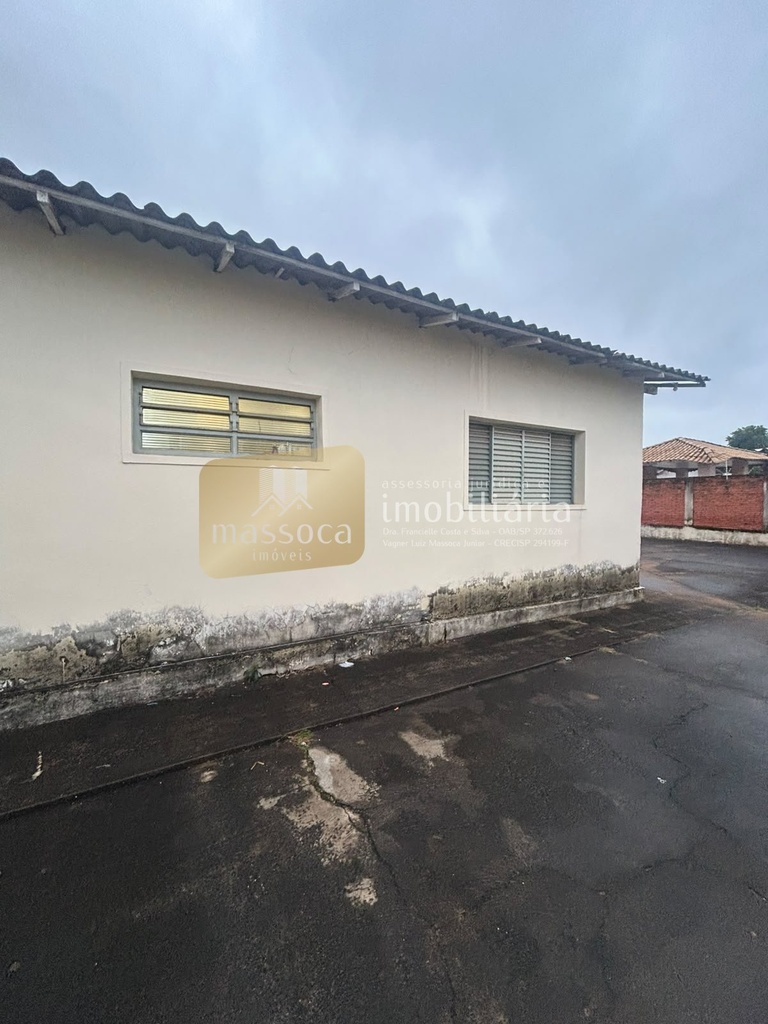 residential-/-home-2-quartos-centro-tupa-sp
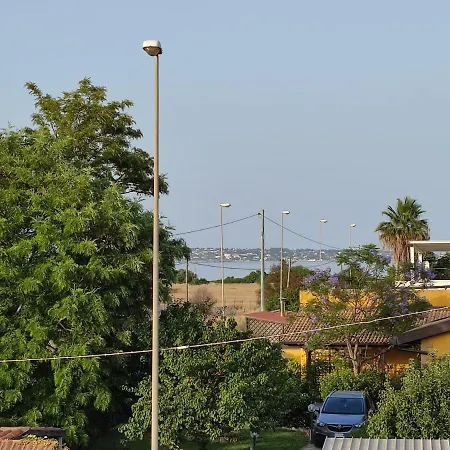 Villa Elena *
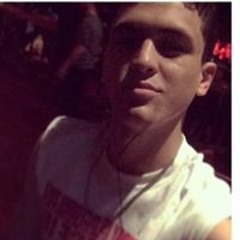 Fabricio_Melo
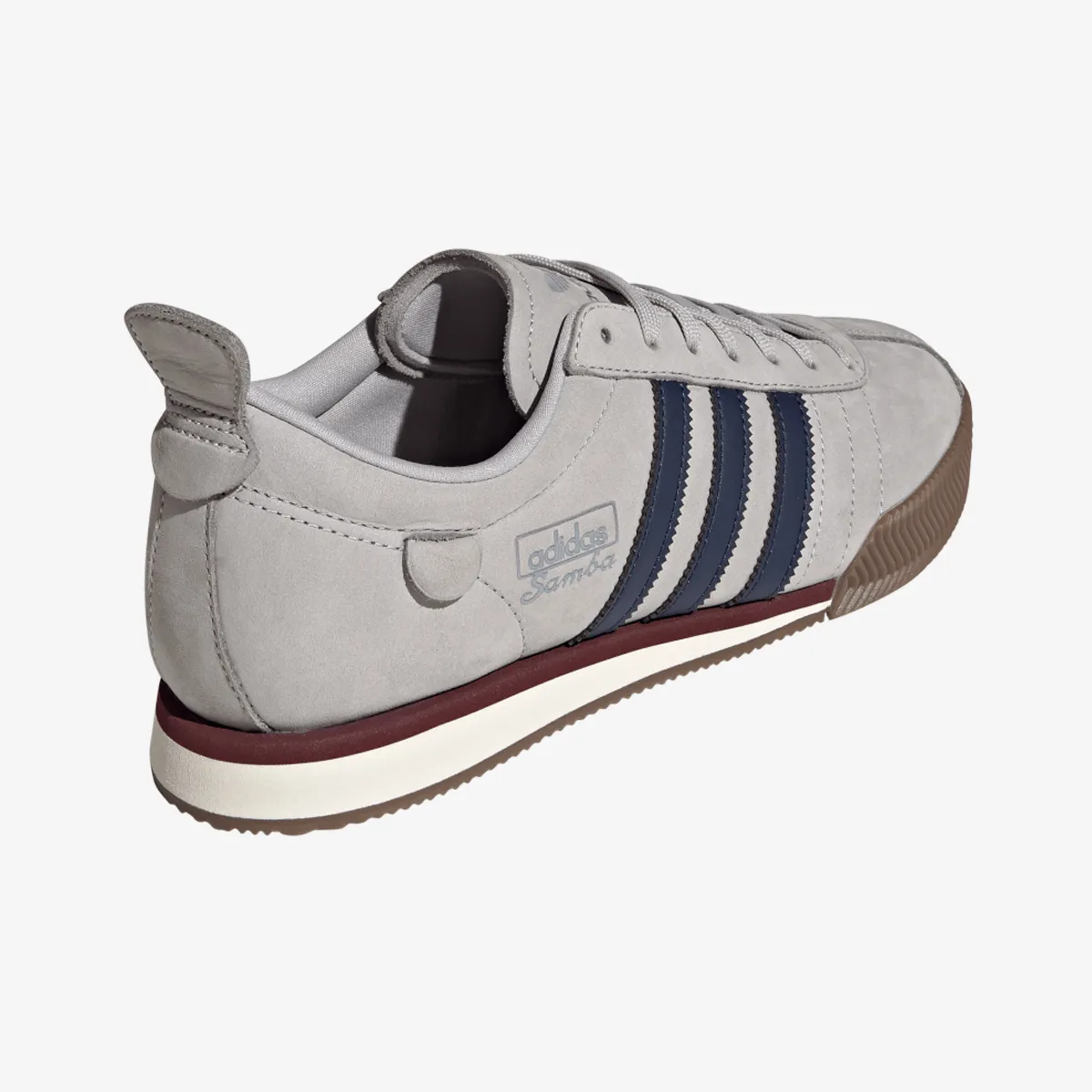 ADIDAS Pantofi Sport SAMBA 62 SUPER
==
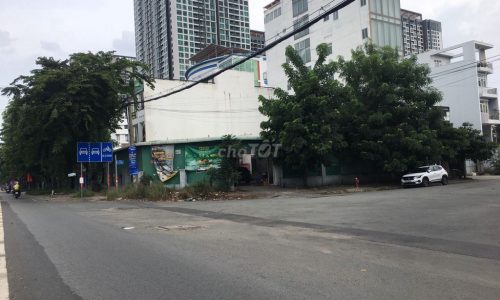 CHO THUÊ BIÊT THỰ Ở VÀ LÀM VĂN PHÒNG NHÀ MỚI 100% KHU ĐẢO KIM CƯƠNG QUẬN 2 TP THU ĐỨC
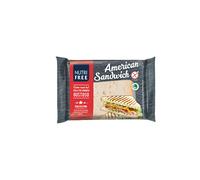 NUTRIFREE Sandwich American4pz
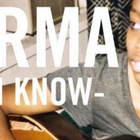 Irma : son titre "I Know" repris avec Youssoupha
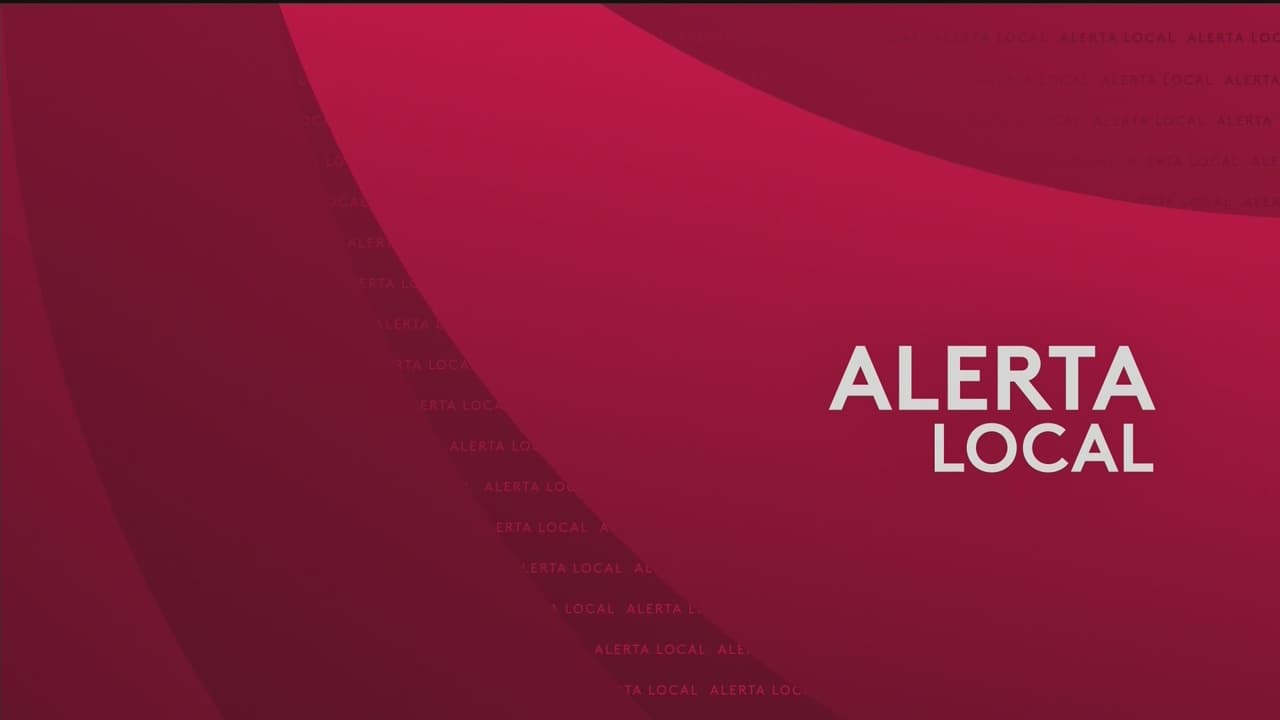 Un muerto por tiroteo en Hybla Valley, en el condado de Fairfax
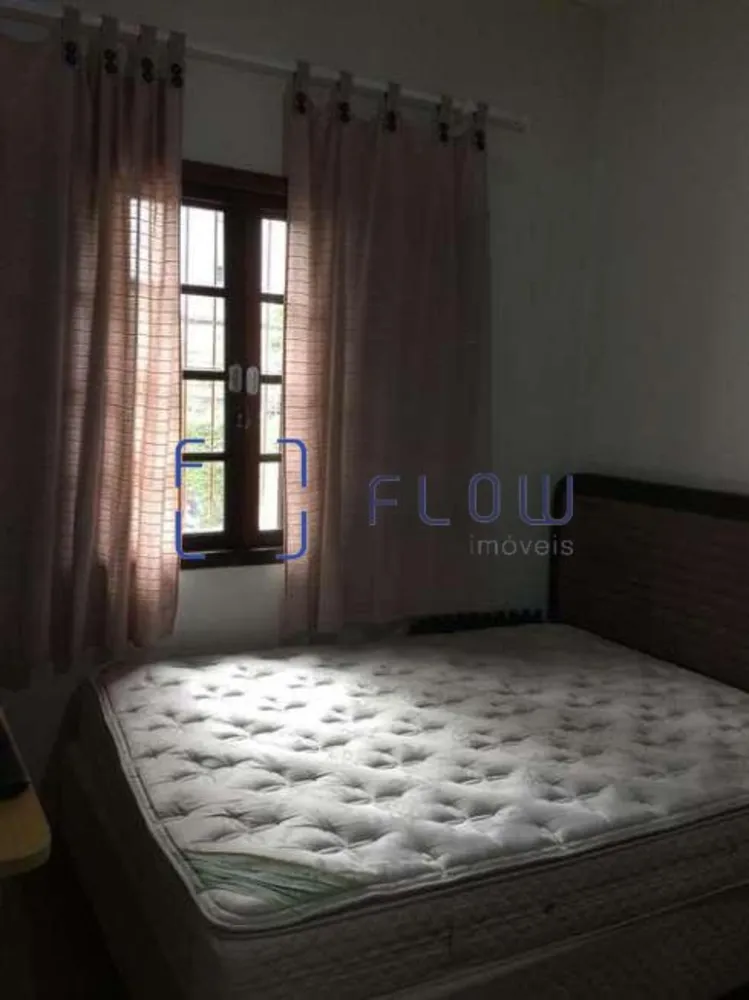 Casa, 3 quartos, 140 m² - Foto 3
==
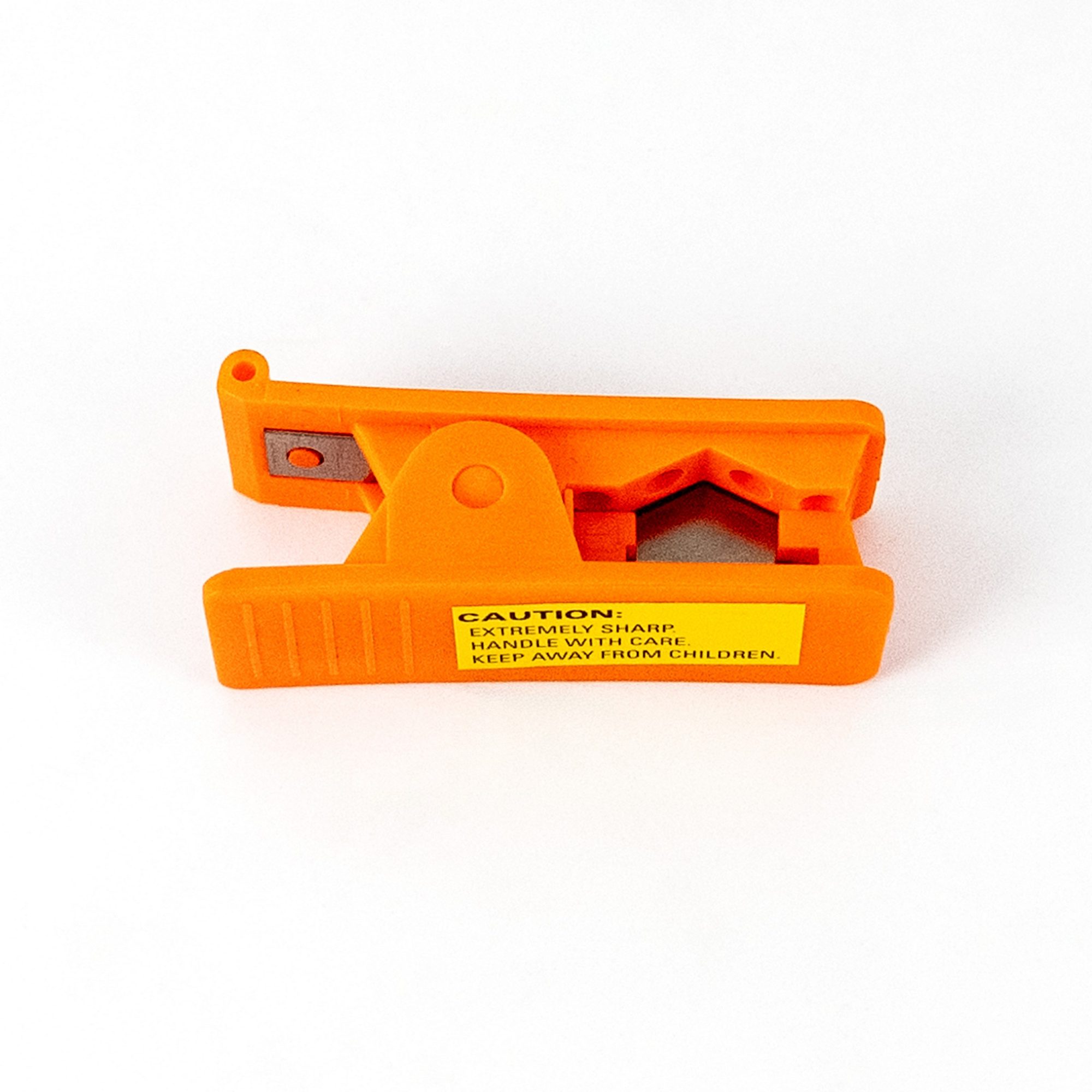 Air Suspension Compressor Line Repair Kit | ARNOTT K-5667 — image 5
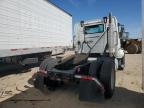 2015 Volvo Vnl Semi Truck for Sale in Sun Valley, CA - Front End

AIM OF THE TASK
Find the line with "Villa Elena *" and the line with "ADIDAS Pantofi Sport SAMBA 62 SUPER" in the records above. Copy both and all lines between them exactly, without pictures.

EXERCISE SOLUTION
 Villa Elena *
 Fabricio_Melo
 ADIDAS Pantofi Sport SAMBA 62 SUPER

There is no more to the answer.